Depuis le début de la tragédie syrienne, les réfugiés sont à leur tour perçus, par une certaine partie de la population dans les pays d’accueils, comme le fléau à l’origine de tous les malheurs. Inutile de préciser, du reste, que cette angoisse existentielle qui accompagne la crise identitaire face à l’arrivée de l’autre, celui qui ne nous ressemble pas, est aujourd’hui exploitée à fond par certains courants politiques et certains responsables, qui ont fait de la de l’intolérance et de la haine leur fonds de commerce électoral et l’assise de leur discours populiste – y compris au Liban.
Jamais en effet le retour aux instincts primaires n’aura été si fort, si bien que c’est l’ensemble de la planète qui est en proie à d’effroyables convulsions identitaires. La récente polémique sur le burkini en France cristallise d’ailleurs cet effarement, mêlé de craintes et de tremblements, face à la boîte de Pandore identitaire déclenchée notamment par la crise syrienne et l’exode massif des réfugiés vers l’Europe. Le monde se trouve plongé dans une crise profonde et essentielle de repères. La progression vers l’universalité des droits de l’homme, construction édifiée sur les ruines du monde post-1945 et en marche depuis la deuxième moitié du XXe siècle, n’a jamais été aussi fragilisée qu’avec l’impuissance de la communauté internationale à mettre fin à la violence qui ravage le territoire syrien.

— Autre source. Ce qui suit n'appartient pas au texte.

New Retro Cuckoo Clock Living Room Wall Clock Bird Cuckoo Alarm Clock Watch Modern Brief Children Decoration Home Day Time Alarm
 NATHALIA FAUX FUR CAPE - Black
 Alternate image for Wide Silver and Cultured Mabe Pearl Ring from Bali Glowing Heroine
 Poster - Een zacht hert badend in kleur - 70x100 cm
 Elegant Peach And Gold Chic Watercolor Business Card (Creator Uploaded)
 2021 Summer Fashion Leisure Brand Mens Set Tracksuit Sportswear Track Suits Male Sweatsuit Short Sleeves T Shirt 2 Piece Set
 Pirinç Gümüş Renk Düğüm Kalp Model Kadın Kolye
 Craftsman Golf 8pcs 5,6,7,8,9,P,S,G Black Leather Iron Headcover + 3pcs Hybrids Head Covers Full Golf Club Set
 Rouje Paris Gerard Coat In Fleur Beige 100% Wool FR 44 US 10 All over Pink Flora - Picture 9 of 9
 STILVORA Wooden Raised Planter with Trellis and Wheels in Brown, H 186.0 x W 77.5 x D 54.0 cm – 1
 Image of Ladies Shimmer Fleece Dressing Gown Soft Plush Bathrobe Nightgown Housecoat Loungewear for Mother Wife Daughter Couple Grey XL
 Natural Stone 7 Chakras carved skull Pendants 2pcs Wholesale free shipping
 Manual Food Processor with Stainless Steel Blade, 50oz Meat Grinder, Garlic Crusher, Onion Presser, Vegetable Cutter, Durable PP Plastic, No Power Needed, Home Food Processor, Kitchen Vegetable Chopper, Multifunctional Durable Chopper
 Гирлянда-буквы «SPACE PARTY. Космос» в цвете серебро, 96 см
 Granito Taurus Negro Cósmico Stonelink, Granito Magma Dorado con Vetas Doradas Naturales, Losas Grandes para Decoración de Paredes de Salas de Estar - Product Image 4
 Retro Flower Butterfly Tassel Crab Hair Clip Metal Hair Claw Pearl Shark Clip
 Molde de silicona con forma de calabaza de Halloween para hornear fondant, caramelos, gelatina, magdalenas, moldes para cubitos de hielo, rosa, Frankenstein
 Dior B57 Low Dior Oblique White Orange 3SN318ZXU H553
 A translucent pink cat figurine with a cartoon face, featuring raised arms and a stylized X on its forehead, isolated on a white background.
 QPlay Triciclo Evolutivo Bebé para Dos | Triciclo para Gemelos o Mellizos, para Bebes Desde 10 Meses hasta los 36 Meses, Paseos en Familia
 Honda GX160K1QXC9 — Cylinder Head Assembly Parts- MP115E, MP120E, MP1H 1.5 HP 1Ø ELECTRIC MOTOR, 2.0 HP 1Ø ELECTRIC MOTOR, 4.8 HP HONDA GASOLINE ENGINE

Cet abcès de fixation, où s’affrontent les extrêmes, n’en est donc plus un. La violence et l’extrémisme sont désormais diffus. Les tumeurs nées en Syrie, et reproduites dans la région, provoquent désormais une réaction mimétique de montée aux extrêmes, autre nom de la crise identitaire, dans le monde entier.
La globalisation est en train d'agoniser sous nos yeux, dans d'atroces et de sanglantes convulsions. Ladite "fin de l'Histoire", prédite avec optimisme par Fukuyama avec la fin de la bipolarité au début de la décennie 90, est en train de vivre la fin de son histoire. Le monde est à réinventer. Certes.
Mais, de grâce, épargnons les réfugiés syriens, qui sont innocents. Ce n’est pas si l’unanimité au sein de la société est menacée et l’unité fissurée, qu’elles se referont nécessairement sur le dos de victimes propitiatoires. Car c’est, à n’en point douter, paver la voie à de nouvelles tragédies que l’on pensait englouties avec le siècle dernier.